West is a supporter of the Black Lives Matter movement that disrupted two of Sanders’ earlier campaign events with protests, but he said those disruptions should stop as people get to know Sanders’ commitment to racial justice. Since he formally announced his campaign in May, Sanders has increased his focus on such issues and the need to combat poverty among African Americans.
Benedict freshman Dajana Baker, 19, of Greenville, S.C., said it’s important that Sanders continue to discuss issues involving race. “If we continue to ignore that in this country, it’s just creating denial and deceit,” said Baker, who is undecided on who she will support in 2016.
People who say they’re fed up with income inequality also have been drawn to Sanders’ proposals to help poor and middle class Americans, such as providing free college tuition at public schools, creating jobs with infrastructure investments and raising the federal minimum wage to $15-an-hour.
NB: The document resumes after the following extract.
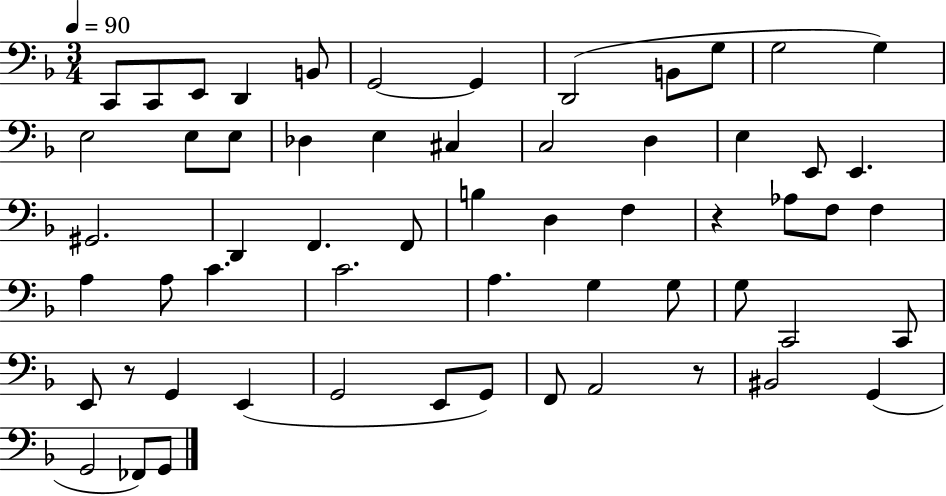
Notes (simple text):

C2/e C2/e E2/e D2/q B2/e G2/h G2/q D2/h B2/e G3/e G3/h G3/q E3/h E3/e E3/e Db3/q E3/q C#3/q C3/h D3/q E3/q E2/e E2/q. G#2/h. D2/q F2/q. F2/e B3/q D3/q F3/q R/q Ab3/e F3/e F3/q A3/q A3/e C4/q. C4/h. A3/q. G3/q G3/e G3/e C2/h C2/e E2/e R/e G2/q E2/q G2/h E2/e G2/e F2/e A2/h R/e BIS2/h G2/q G2/h FES2/e G2/e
Becky Morton, 60, of Charlotte, was among about 3,000 who attended a rally at Winthrop University in nearby Rock Hill, S.C., on Saturday. She said jobs and social safety net issues are her concerns after being laid off by a major air carrier three months ago. “He’s probably far more to the left than I’ve ever been,” said Morton. “But…at least he’s pulling the conversation back to where I think the Democratic Party should be. Whether he has a chance at the nomination, that’s an open question.”
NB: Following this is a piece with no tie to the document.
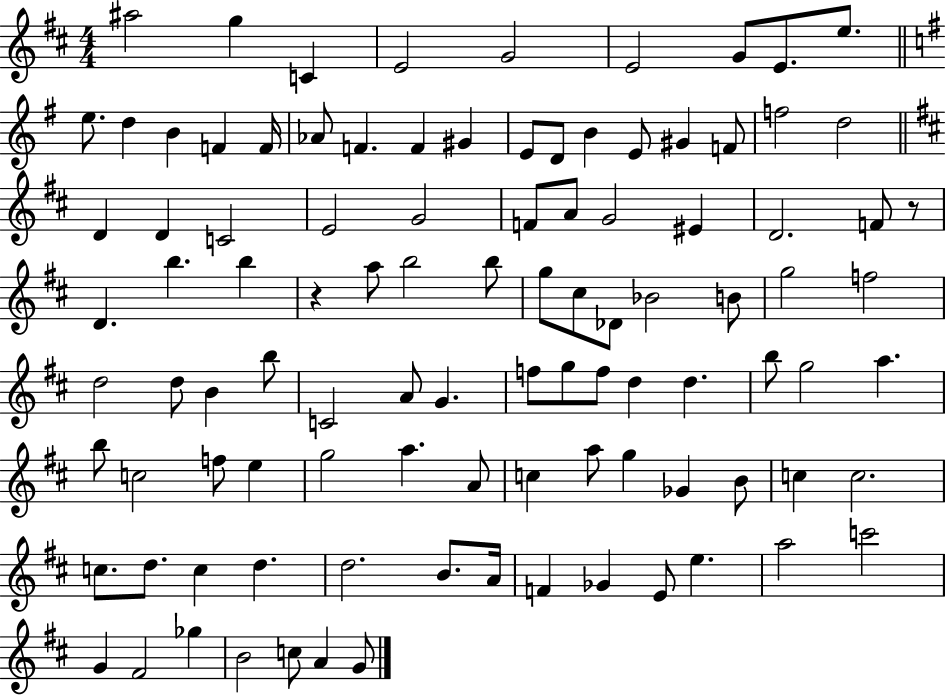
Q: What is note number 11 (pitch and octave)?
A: D5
A CBS News/YouGov poll, released Sunday, showed Sanders leads Clinton by 10 percentage points in Iowa and 22 percentage points in New Hampshire, neighbor to Vermont. The poll showed 23 percent of South Carolina’s likely Democratic voters supported Sanders, compared to 46 percent for Clinton and 22 percent for Vice President Joe Biden, who has not entered the race. A Public Policy Polling survey of South Carolina Democratic voters released Sept. 9 showed only 9 percent supported Sanders.
Scott Huffmon, director of the Winthrop Poll, said Sanders’ difficulty is that his rallies have been drawing attendees who are predominantly white and young when black voters are likely to make up more than half of the Democratic primary electorate in the Palmetto state. “He needs to make himself known to this group that’s going to be absolutely critical,” he said.
Rep. Jim Clyburn, the state’s only Democrat in Congress, said he expects Clinton to sweep South Carolina – under present conditions. Clinton, who came in second in the 2008 South Carolina primary, has lined up support from dozens of mayors and community officials along with two former governors.
But Clyburn said the race here could be impacted greatly by outcomes in Iowa and New Hampshire, whether Vice President Joe Biden enters the race, and Clinton’s Oct. 22 congressional testimony on her role leading up to the 2012 terrorist attack in Benghazi, Libya. “A lot depends on how that hearing comes out,” said Clyburn, who won’t endorse a candidate until after the primary. “That could impact everything.”
Sanders plans to open more offices in South Carolina. But he’s also planning to invest in staff and look into advertising in Super Tuesday states and beyond. He scheduled events on Sunday in North Carolina and on Monday in Virginia, including a speech at the evangelical Christian Liberty University.
“We are now preparing for a full national campaign that goes beyond the first four states and given the enthusiasm that I am seeing as I go around this country, to be honest with you, we are feeling very, very good about where we are,” he said.